Thanks John, I'd pretty much came to the same conclusion. That means I need to disable interrupts to safely do a fetch_and_add. Since I'm in a function I'm wondering if I can used the delayed return, i.e.:
asm static int atomic_fetch_and_add(atomic_t *a, int i)
{
.optimize_iasm off;
MOVE.W Y0, X0; // Save 'i', 1 cycle
RTSD; // Delayed return, 5 cycles
MOVE.W X:(R2), Y0; // Store value to return, 1 cycle
ADD.W X:(R2), X0; // Add atomic value to 'i', 2 cycles
MOVE.W X0, X:(R2); // Store back in atomic value, 1 cycle
}
Since interrupts are disabled for three delayed instructions after the RTSD nothing can interrupt and they will execute as an atomic block.
I'm using assembly because if I'm providing an atomic library I want to be sure that the operation is definitely atomic and it's in a function so that I can turn optimization off for that block without impacting the calling code (and I'm assuming it'll effectively work as a compiler barrier to prevent the compiler re-ordering the code on either side of the call).

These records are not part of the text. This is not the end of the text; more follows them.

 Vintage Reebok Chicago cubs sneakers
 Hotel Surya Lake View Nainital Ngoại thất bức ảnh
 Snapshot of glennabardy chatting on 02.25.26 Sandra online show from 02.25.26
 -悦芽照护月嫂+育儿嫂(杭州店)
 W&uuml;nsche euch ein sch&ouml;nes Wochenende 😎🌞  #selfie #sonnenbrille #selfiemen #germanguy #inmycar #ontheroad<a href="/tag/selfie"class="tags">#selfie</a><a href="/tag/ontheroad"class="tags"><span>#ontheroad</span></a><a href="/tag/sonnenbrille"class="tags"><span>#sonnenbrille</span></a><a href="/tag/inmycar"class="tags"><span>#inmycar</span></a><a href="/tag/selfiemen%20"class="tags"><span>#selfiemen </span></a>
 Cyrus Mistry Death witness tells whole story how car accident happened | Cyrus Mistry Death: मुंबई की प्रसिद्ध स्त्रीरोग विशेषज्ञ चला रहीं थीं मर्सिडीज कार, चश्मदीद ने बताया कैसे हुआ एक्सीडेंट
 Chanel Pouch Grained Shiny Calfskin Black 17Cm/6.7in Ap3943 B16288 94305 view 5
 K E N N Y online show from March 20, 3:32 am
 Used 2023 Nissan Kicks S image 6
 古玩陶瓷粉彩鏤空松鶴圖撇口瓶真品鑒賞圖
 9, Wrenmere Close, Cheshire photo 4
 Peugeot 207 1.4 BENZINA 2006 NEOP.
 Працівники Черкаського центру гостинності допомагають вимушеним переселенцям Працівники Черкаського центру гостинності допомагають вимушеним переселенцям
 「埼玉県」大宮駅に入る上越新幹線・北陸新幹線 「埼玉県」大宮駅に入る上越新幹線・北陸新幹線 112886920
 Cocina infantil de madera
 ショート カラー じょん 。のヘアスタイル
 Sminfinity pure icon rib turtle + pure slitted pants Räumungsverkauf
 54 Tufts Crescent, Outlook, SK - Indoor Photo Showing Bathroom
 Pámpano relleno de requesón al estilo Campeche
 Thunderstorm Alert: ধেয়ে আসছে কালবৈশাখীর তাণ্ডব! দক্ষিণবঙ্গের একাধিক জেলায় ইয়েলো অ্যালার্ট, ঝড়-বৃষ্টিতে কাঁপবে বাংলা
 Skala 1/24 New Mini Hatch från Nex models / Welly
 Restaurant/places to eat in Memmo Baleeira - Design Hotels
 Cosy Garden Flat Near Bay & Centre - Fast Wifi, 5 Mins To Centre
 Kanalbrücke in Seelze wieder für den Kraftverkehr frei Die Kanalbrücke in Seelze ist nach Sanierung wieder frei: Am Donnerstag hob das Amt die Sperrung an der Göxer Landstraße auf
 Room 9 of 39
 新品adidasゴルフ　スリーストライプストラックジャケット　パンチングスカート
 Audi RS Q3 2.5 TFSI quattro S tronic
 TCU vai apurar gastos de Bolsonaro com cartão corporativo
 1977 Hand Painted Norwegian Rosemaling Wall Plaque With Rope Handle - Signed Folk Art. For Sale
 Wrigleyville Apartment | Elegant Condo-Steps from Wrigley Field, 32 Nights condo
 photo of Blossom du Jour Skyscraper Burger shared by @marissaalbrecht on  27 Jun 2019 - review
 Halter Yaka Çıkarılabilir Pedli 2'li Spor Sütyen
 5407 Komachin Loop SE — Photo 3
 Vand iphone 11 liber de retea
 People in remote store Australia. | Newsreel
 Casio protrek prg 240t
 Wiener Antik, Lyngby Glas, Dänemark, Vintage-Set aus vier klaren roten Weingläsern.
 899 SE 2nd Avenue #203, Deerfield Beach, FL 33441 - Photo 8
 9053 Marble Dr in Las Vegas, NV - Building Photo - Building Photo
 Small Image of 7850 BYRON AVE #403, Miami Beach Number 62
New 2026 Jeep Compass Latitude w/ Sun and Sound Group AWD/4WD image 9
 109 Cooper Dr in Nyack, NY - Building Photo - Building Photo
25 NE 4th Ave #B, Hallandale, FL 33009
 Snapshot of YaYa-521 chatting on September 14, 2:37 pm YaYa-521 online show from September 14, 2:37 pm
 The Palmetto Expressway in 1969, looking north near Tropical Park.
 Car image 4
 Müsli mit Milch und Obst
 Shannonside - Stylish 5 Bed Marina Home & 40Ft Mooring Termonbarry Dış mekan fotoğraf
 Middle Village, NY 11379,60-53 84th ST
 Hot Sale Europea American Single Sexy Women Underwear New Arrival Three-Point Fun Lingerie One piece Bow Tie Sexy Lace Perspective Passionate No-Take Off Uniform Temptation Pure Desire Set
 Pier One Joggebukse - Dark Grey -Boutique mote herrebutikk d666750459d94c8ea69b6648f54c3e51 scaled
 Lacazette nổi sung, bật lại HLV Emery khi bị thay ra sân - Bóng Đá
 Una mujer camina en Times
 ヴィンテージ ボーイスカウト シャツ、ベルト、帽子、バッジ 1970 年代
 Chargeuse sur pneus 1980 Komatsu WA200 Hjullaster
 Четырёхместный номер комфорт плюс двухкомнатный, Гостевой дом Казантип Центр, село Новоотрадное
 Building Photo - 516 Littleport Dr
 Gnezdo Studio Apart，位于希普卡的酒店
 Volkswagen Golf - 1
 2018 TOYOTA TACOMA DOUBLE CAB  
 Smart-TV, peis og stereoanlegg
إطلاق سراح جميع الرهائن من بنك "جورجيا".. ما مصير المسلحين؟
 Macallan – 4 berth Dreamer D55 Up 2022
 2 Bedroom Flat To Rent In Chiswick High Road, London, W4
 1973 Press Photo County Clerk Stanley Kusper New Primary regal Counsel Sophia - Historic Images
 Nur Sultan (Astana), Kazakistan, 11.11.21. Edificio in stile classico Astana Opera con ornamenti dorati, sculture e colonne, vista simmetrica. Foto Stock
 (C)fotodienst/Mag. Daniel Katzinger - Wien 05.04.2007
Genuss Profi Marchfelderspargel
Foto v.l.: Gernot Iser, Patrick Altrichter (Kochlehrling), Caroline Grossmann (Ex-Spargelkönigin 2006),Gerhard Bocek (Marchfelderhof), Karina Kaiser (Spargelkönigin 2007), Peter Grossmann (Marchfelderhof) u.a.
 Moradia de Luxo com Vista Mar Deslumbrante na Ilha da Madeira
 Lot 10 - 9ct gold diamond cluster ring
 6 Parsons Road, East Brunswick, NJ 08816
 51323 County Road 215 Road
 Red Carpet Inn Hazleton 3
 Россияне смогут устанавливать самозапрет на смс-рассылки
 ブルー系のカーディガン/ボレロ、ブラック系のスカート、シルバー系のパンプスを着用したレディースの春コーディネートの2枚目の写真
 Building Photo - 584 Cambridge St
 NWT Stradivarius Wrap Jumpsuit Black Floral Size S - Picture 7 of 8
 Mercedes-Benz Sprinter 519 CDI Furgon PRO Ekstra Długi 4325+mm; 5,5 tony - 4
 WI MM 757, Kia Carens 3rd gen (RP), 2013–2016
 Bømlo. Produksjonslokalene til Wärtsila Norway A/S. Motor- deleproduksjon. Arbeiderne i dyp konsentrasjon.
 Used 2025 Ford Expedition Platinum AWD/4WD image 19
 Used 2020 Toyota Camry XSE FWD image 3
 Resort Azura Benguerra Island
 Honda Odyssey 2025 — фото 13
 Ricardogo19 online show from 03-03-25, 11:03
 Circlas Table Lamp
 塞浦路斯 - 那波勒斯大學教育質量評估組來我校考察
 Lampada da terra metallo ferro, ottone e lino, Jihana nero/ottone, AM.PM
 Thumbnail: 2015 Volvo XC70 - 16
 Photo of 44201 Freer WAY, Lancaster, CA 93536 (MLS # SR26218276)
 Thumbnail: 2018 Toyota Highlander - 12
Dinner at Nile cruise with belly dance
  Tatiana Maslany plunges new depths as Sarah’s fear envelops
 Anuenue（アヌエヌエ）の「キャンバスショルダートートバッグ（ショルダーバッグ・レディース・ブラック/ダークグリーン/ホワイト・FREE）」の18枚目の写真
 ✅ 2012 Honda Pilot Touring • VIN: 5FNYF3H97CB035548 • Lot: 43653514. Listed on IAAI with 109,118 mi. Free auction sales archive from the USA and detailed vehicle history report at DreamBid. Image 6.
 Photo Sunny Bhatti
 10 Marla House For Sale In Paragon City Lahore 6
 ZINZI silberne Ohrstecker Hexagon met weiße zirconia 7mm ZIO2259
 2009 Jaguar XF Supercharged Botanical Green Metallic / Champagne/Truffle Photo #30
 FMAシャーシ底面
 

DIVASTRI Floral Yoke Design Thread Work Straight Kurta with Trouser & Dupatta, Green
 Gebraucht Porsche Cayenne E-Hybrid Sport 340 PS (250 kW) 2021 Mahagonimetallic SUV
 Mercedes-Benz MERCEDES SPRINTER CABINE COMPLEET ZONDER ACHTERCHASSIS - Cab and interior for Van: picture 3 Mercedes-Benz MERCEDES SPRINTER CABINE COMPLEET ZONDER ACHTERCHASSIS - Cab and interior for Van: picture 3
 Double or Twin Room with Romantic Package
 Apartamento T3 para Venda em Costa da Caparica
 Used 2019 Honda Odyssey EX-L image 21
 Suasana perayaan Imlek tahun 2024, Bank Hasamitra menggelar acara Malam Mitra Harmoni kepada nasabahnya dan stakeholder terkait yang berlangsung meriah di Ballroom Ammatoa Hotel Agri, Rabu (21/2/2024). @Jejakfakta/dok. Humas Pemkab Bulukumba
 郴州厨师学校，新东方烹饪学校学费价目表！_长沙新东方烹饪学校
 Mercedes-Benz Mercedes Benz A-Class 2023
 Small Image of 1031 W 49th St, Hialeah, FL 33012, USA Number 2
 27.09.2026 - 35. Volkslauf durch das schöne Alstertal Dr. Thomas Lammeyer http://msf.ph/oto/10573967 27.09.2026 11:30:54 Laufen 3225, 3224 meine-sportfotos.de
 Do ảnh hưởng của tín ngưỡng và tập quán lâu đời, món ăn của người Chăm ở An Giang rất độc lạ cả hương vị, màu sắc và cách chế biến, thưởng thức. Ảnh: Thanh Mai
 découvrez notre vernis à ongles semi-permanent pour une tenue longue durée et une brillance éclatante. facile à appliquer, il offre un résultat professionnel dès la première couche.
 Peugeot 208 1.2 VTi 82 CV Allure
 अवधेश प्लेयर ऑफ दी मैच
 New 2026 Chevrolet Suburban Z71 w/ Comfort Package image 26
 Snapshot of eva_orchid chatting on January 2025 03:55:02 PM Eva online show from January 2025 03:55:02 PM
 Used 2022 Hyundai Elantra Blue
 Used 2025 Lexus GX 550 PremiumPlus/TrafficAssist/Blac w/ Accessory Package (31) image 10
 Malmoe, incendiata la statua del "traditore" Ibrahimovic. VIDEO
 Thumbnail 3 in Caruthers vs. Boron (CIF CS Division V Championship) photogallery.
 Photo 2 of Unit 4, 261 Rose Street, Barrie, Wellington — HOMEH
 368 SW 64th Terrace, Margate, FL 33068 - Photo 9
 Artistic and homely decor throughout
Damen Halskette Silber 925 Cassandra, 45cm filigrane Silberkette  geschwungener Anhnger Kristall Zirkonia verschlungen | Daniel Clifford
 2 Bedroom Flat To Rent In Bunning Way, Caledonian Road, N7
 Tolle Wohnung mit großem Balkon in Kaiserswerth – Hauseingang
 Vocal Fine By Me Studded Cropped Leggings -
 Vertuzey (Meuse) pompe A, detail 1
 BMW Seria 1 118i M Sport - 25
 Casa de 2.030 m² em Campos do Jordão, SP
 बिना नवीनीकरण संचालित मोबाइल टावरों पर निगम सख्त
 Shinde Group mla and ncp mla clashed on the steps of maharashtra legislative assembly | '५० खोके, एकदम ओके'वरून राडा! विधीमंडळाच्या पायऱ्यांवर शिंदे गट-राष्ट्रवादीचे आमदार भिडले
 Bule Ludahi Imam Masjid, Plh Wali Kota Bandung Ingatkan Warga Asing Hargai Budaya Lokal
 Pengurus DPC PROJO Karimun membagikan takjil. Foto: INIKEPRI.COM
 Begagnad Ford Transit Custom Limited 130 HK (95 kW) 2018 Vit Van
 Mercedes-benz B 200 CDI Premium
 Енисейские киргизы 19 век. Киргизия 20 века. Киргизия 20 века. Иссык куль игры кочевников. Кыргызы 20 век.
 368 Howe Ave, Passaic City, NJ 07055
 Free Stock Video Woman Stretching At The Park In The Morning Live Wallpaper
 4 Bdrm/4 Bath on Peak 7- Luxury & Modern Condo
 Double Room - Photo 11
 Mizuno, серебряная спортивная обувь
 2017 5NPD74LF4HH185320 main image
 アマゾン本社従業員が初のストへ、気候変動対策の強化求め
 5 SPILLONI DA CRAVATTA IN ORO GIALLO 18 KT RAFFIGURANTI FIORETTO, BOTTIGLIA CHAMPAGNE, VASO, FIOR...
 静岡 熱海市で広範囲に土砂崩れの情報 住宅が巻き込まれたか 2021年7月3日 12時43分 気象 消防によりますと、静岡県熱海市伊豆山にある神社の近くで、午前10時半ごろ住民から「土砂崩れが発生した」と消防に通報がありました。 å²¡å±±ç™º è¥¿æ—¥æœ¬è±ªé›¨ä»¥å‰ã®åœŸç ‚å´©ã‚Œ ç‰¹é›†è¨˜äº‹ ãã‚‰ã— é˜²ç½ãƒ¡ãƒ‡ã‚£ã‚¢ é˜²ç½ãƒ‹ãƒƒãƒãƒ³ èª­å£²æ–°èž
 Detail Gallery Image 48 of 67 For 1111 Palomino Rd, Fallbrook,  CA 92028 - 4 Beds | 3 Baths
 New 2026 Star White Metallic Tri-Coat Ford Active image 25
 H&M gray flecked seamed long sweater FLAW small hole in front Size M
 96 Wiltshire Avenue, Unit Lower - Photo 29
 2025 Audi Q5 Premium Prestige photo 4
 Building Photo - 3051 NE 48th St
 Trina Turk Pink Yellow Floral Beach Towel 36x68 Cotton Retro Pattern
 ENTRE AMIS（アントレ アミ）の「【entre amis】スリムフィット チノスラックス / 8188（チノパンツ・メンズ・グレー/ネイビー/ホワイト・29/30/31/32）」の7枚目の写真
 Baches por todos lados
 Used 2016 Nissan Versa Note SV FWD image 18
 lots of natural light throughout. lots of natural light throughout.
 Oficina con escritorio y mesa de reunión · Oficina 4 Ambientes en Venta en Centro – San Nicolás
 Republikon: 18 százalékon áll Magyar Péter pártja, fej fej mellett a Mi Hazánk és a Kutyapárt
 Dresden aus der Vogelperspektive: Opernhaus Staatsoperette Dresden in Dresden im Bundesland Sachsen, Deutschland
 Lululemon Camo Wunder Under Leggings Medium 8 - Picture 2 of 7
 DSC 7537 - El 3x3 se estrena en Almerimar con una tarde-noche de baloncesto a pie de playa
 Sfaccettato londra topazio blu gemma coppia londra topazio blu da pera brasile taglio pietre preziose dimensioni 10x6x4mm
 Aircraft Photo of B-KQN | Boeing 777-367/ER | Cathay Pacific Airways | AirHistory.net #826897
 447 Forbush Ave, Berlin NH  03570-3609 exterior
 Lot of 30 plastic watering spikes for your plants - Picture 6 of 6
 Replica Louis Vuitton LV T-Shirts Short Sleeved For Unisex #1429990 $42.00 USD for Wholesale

Are my assumptions correct, is that always going to work atomically and is there any better way to do it?
It certainly appears to work and given the debugger can't step through the delayed instructions I assume that nothing else can interrupt them either.
I think disabling interrupts for 4 cycles is acceptable, if it ever isn't then I'll have to look at implementing a more complex system with separate storage per interrupt level or something like that.